Reading through the healthy introduction to "The Epic of Gilgamesh" (Penguin, Sandars, 1972) it is fascinating that the epic nature of the hero follows a structure that should be familiar to all. The story's origin stretches to the third millennium B.C. and yet, some 4.5 millennia later, I can hold the story in its most complete form - as was pieced together by extant sources over a period of many decades.

The hero of this tale was one of the early kings of what is now Iraq. He is great, with all of the fearless qualities that we inherently seek in a leader. He conquers - but ultimately cannot conquer death. So he sets himself on the road to immortality.

The story, as pointed by the editor, divides itself as "a meeting of friends, a forest journey, the flouting of a fickle goddess, the death of the companion, and the search for ancestral wisdom and immortality" [sec 5, pg 22]. I thought immediately of Lord of the Rings - but, the end of the journey for Frodo was to not search for wisdom, but ultimately destroy it. The Ring created chaos, in that the gods and man were too familiar. Man thirsted for power and immortality, but it would end in death (for himself and those around him).

It is interesting to note that the conceptualization of Heaven and Hell derive from very ancient analogies. Sumerians believed in righteousness as a token for the place where all heroes go - the Babylonians believed in Hell as a place where the "dust is their food and clay their meat, they are clothed like birds with wings for garments". It was from the latter and to the former that Gilgamesh suffered for after the death of his friend, Enkidu.

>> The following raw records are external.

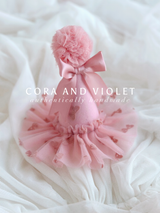 Pretty in Pink Party Hat | Ready to Ship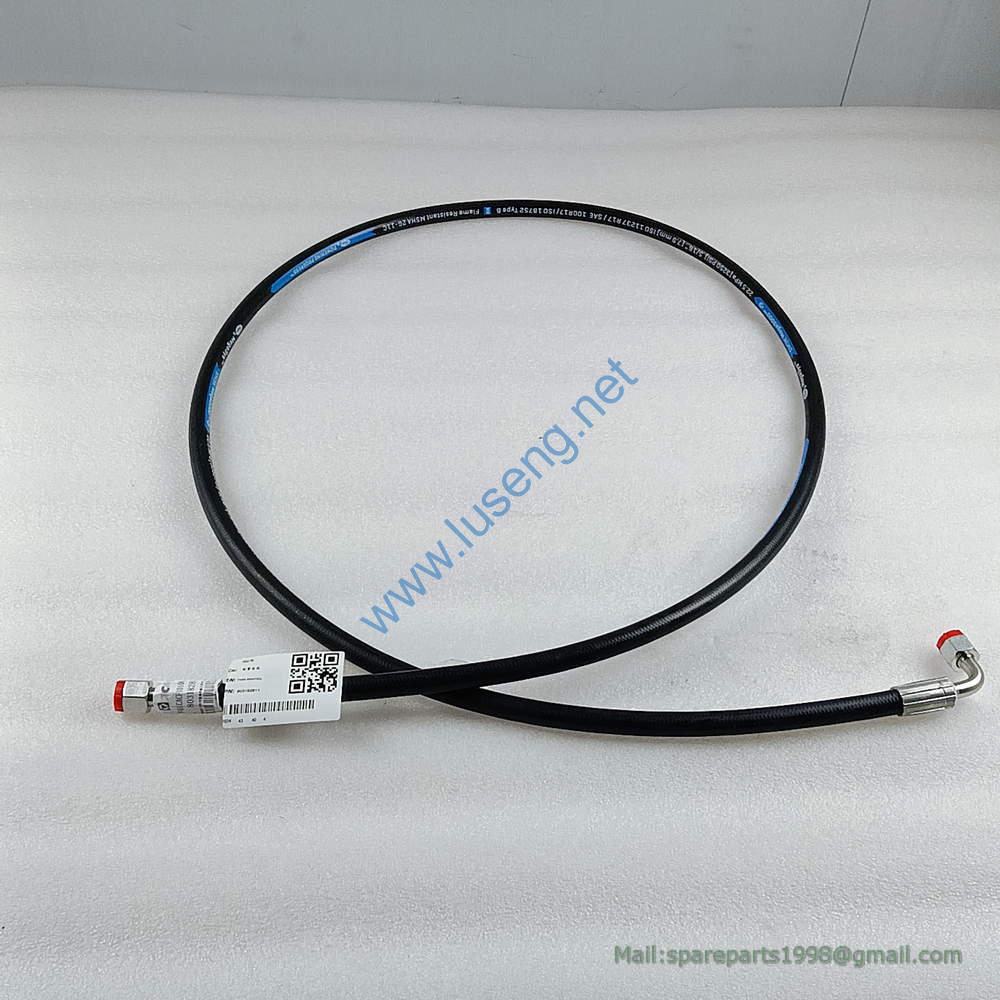 803182811 F481CACF101005-2100 hose XCMG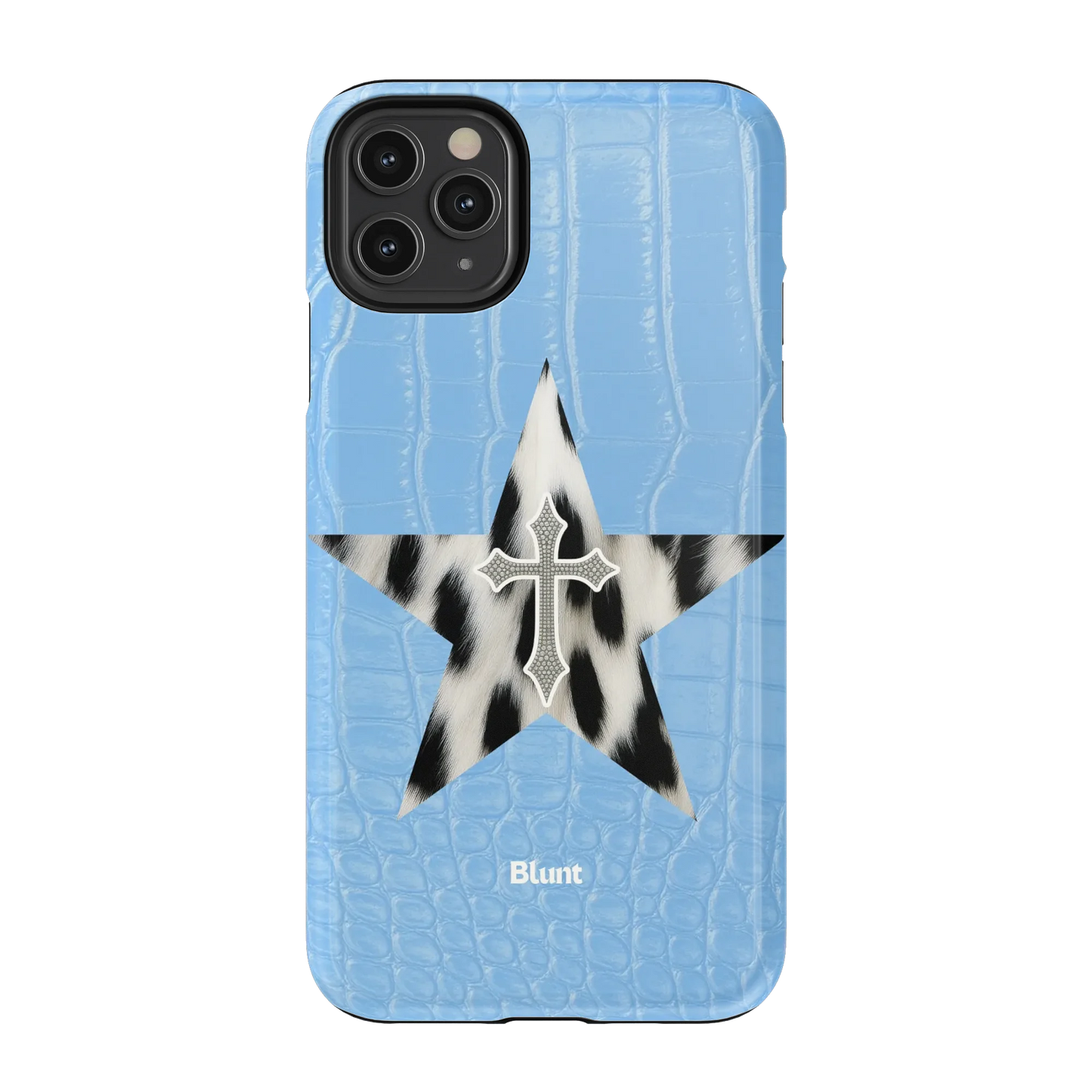 Rhea iPhone Case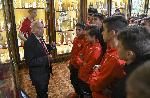 София - 69 години ЦСКА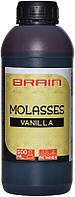 Меляса Brain Molasses 500ml Vanilla (ваніль)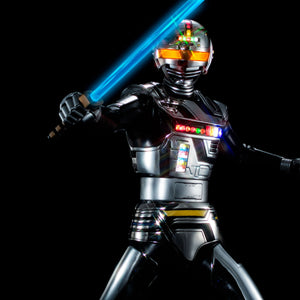 Ultimate Article: Space Sheriff Gavan (Repeat)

What comes to mind in both these cases (although I'll suffer a nerd branding), is the episode of TNG, "Darmok" where an alien puts himself and Picard in harm's way to physically and temporally make an allegory similar to Gilgamesh and Enkidu. That's science fiction at its best for me: pulling the ancient forward to the technologically enmeshed present.


One wonders if the hero's epic journey is fulfilled in our own.